▸ PROBLEM TO SOLVE:
Return the data below exactly as given, except for the images.

DATA TO USE below:

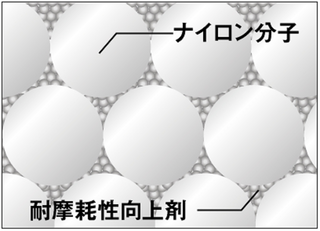 穴釣り専科ガンマ1500は19年新発売の根ズレに強い穴釣り専用ナイロンライン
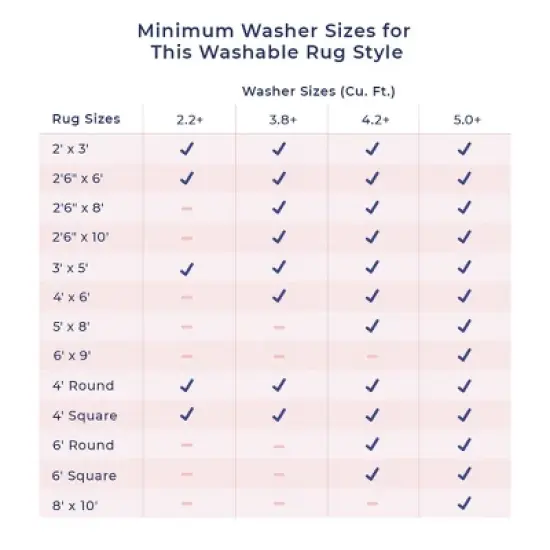 nuLOOM Loni Solid Machine Washable Shag Area Rug image {9}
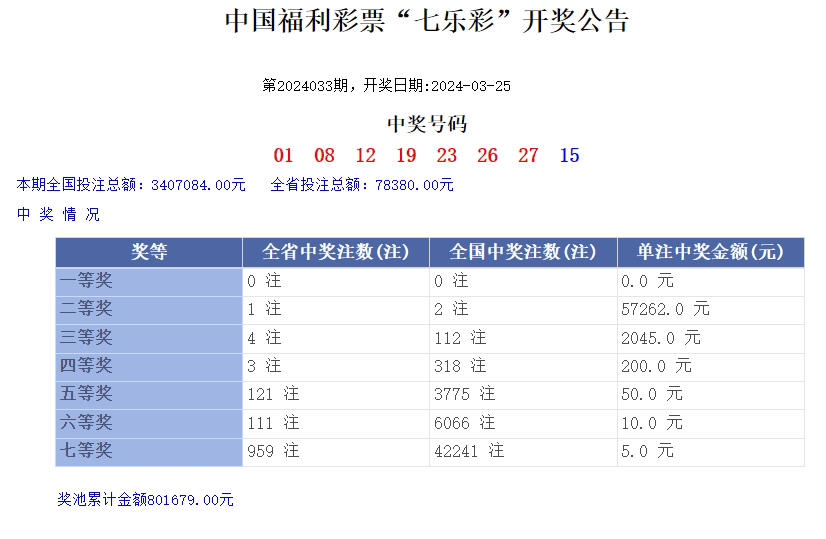 澳門(mén)樂(lè)彩，探索博彩文化的魅力與樂(lè)趣，澳門(mén)樂(lè)彩，體驗(yàn)博彩文化的魅力與樂(lè)趣探索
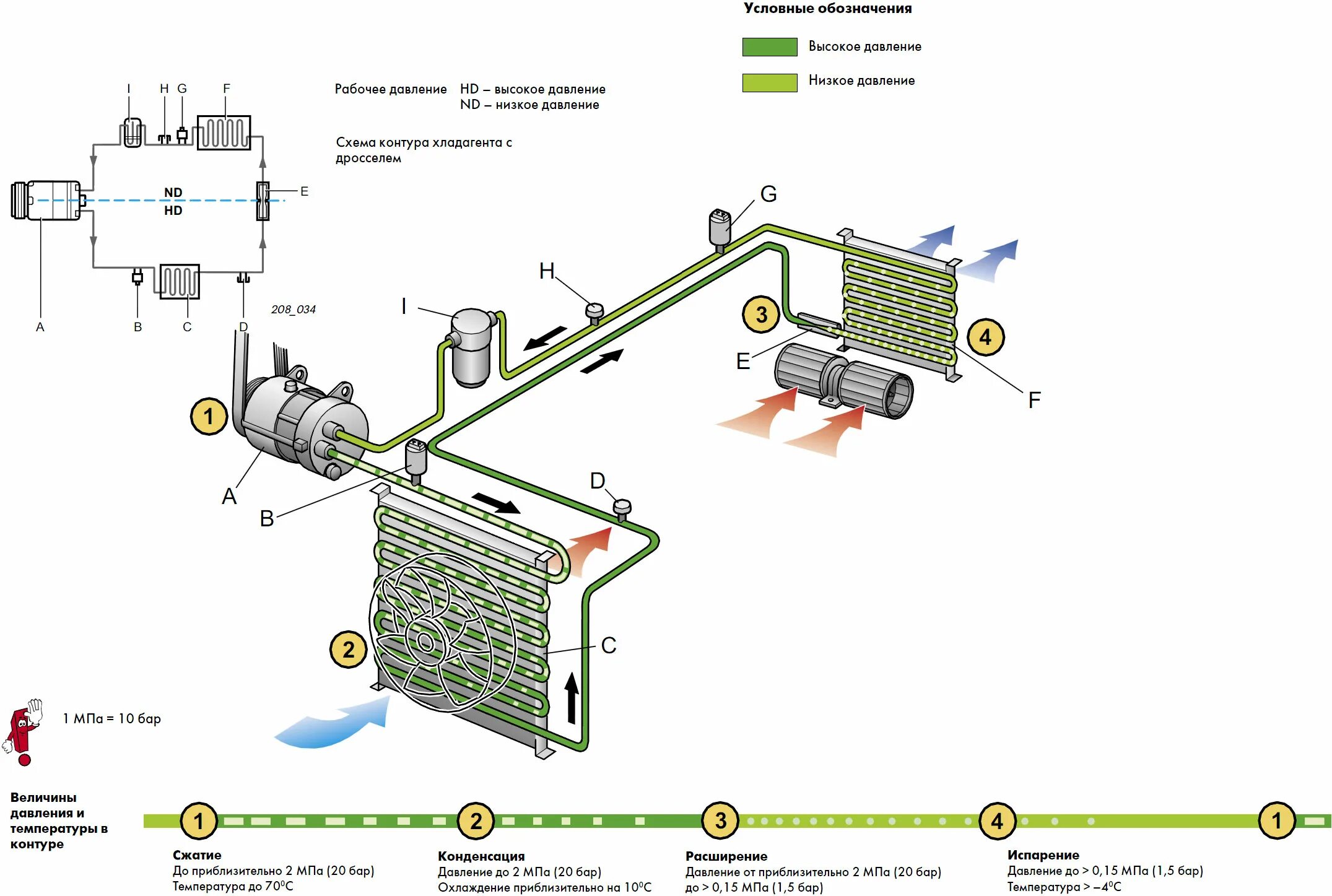 Схема включения автомобильного кондиционера. Схема подключения авто кондиционера. Схема двухконтурной системы кондиционирования автомобиля. Схема устройства кондиционера Форд фокус 2. Проверить фреон в автомобиле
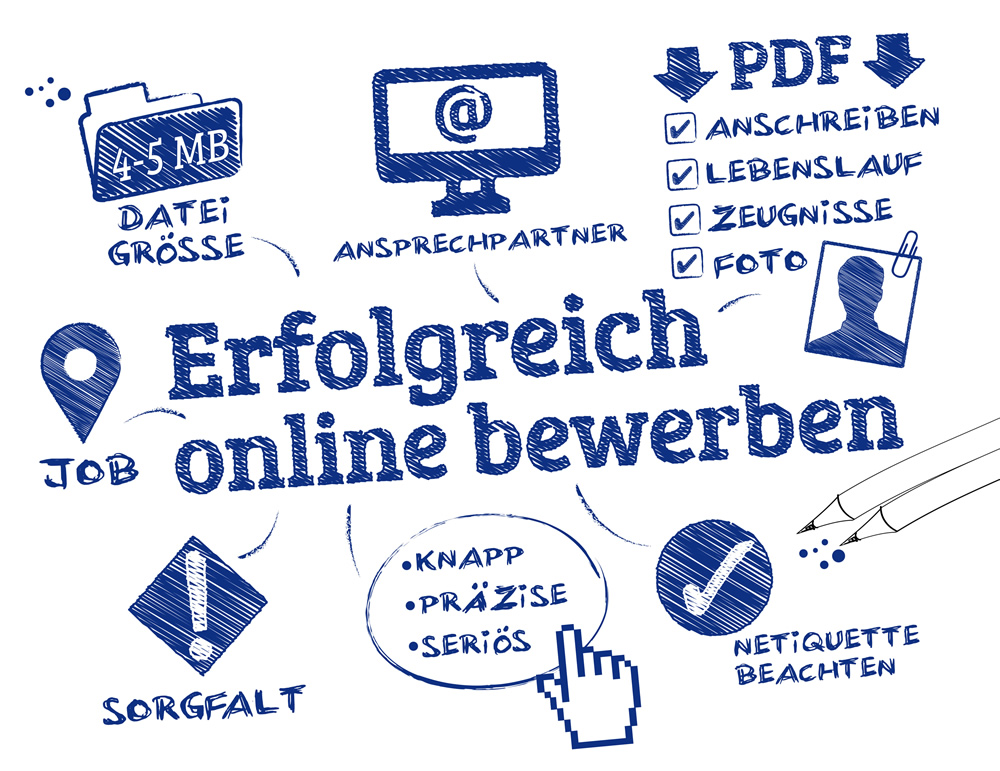 Bewerbungstipps und Berufsberatung Bewerbungstipps und Berufsberatung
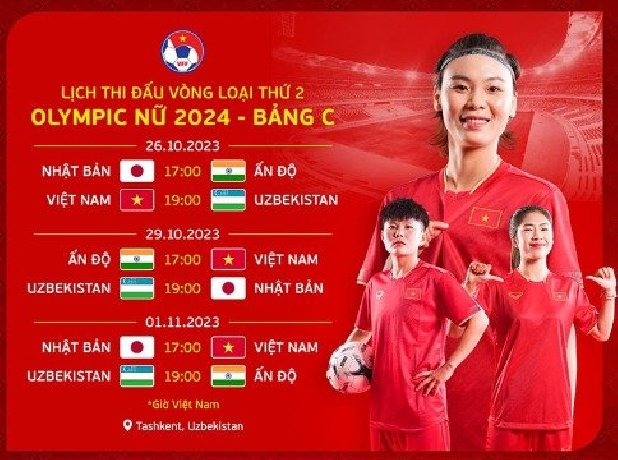 Lịch thi đấu của đội tuyển nữ Việt Nam tại vòng loại Olympic 2024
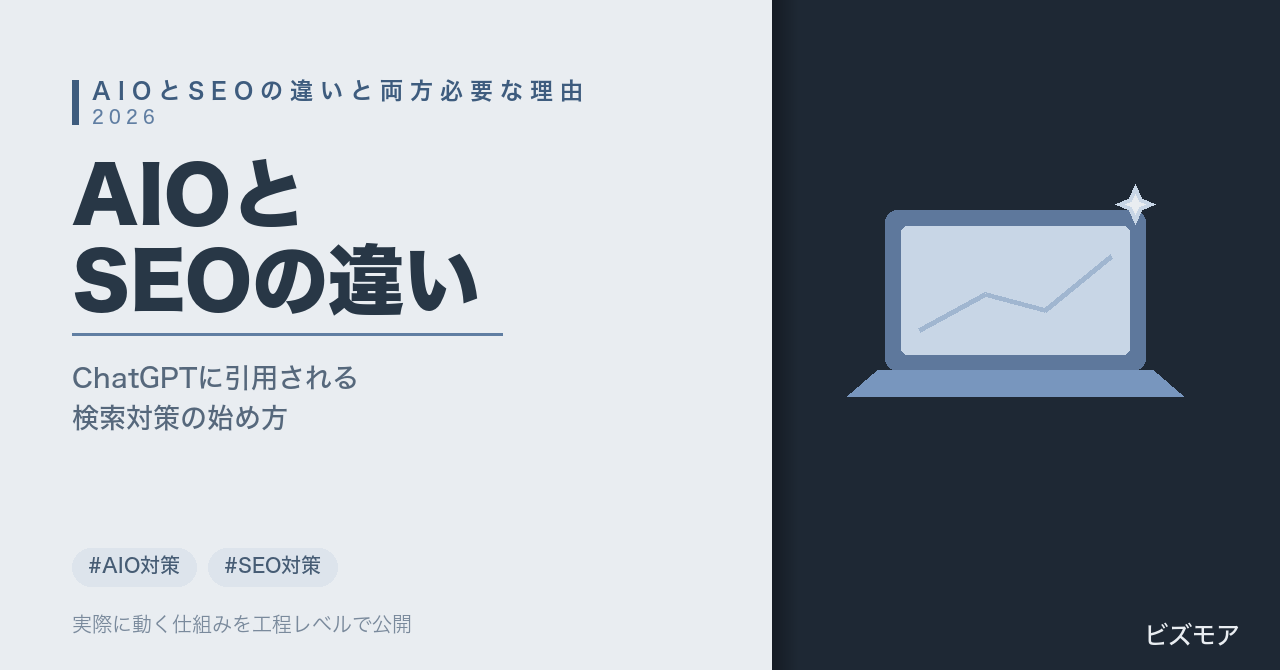 中小企業のAIO対策｜ChatGPTに社名を引用させて問い合わせ・予約を増やすSEOとの違い【始め方】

End of DATA TO USE.

▸ RESULT BELOW:
 穴釣り専科ガンマ1500は19年新発売の根ズレに強い穴釣り専用ナイロンライン
 nuLOOM Loni Solid Machine Washable Shag Area Rug image {9}
 澳門(mén)樂(lè)彩，探索博彩文化的魅力與樂(lè)趣，澳門(mén)樂(lè)彩，體驗(yàn)博彩文化的魅力與樂(lè)趣探索
 Схема включения автомобильного кондиционера. Схема подключения авто кондиционера. Схема двухконтурной системы кондиционирования автомобиля. Схема устройства кондиционера Форд фокус 2. Проверить фреон в автомобиле
 Bewerbungstipps und Berufsberatung Bewerbungstipps und Berufsberatung
 Lịch thi đấu của đội tuyển nữ Việt Nam tại vòng loại Olympic 2024
 中小企業のAIO対策｜ChatGPTに社名を引用させて問い合わせ・予約を増やすSEOとの違い【始め方】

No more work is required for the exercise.